The South London rap duo are on the cover of the new edition of Music Week, and a revealing interview tells the story of a record that deals with loss and mental health that they hope will make a significant impact on the scene they helped develop.
Krept & Konan’s highest singles chart finish came with Freak Of The Week (feat. Jeremih), which peaked at No.9 in 2015 and has 725,939 sales to date, according to the Official Charts Company.
Their past collaborators range from Ed Sheeran and Emeli Sandé, to Rick Ross, Stormzy, J Hus and Skepta. Virgin EMI has enjoyed success with Hardy Caprio and Mostack since Krept & Konan’s 2017 double mixtape release, and Rivalland said their return marks a big moment for the UK.
“They’ve been away for a little while, but we know Krept & Konan have broken all sorts of records in the past and they’ve got a big fanbase,” he said. “They’ve expanded their portfolio with a big TV look on The Rap Game UK and been beamed into living rooms across the country, that’s been promoting a lot of discourse and raising their profile really nicely.”
The pair launched their new campaign with Ban Drill and were invited to debate police censorship of music in Parliament by Diane Abbott MP. Here, Rivalland looks ahead to what he promises will be a blockbuster return.
Why are Krept & Konan so important?
“They’re pioneers.

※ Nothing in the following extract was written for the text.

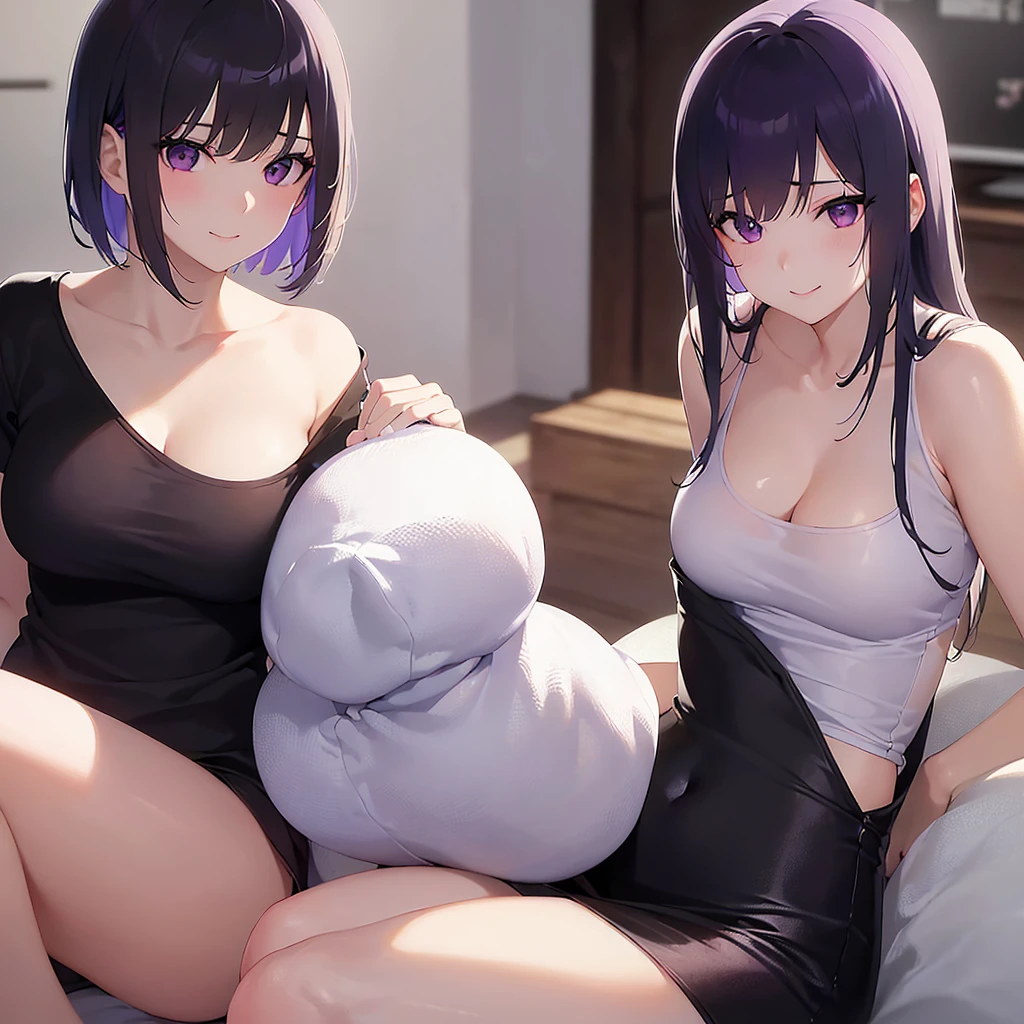 Cleavage, Side angle, Upper Body, Realistic, Real person, (青whiteい肌: 1.2), Shiny skin, Shiny Hair、(A 25-year-old woman with straight hair and bangs) and (Medium Hair) and (Black Hair) and (Purple eyes) , (white) and (T-Shirts) 、smile, The background is the living room、alone、Are standing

Where it’s now becoming commonplace to have big US features, they had Rick Ross on their album in 2015, that was unheard of. It just wasn’t happening. UK rap’s landscape has changed but they’re really the pioneers. Freak Of The Week with Jeremih, I can’t remember a UK rap single with that big an American star on it before that. They paved the way for a lot of people, that’s why people are respectful all the time about them.”
How do Krept & Konan stand out from the crowd?

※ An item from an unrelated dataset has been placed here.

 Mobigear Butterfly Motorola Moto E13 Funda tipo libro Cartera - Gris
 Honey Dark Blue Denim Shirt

“Across the scene, anyone who was anyone had the pink and blue packshots from 7 Days and 7 Nights up on social media. Just look at the features on those albums, Skepta, Stormzy, J Hus, Abra Cadabra, Tory Lanez, Jhene Aiko. They flew above the crowd at Alexandra Palace. They elevate themselves above the rest because of these things. They’re doing things differently and continue to be trailblazers. When they came to us with this record they wanted the first single to be Ban Drill, they wanted Rapman to direct the video, he’d just signed a deal with Roc Nation. They did that and then Diane Abbott invited them to speak at parliament, that’s not the usual state of play for most MCs. That was quite incredible being there and hearing a debate about drill. They’re pushing the envelope.”
They paved the way for a lot of people
Michael Rivalland, Virgin EMI
Is there a different MO for this campaign then?
“There’s a lot of heat in the market for this genre so you can be pretty confident with your marketing, you don’t have to be too cautious. They’re a well known name, they’ve been around for a little while, they’re on TV, they’re playing the O2, so we can be quite bullish. Then we can use the multiple touchpoints they have, like their Crepes and Cones restuarant, we can use those sorts of things to do marketing initiatives. There’ll be solid outdoor, a lot of digital, an event closer to the release, preorder bundles with tickets. Then, hopefully, an airplay and streaming hit. If we do all that, we’ll be in good nick.”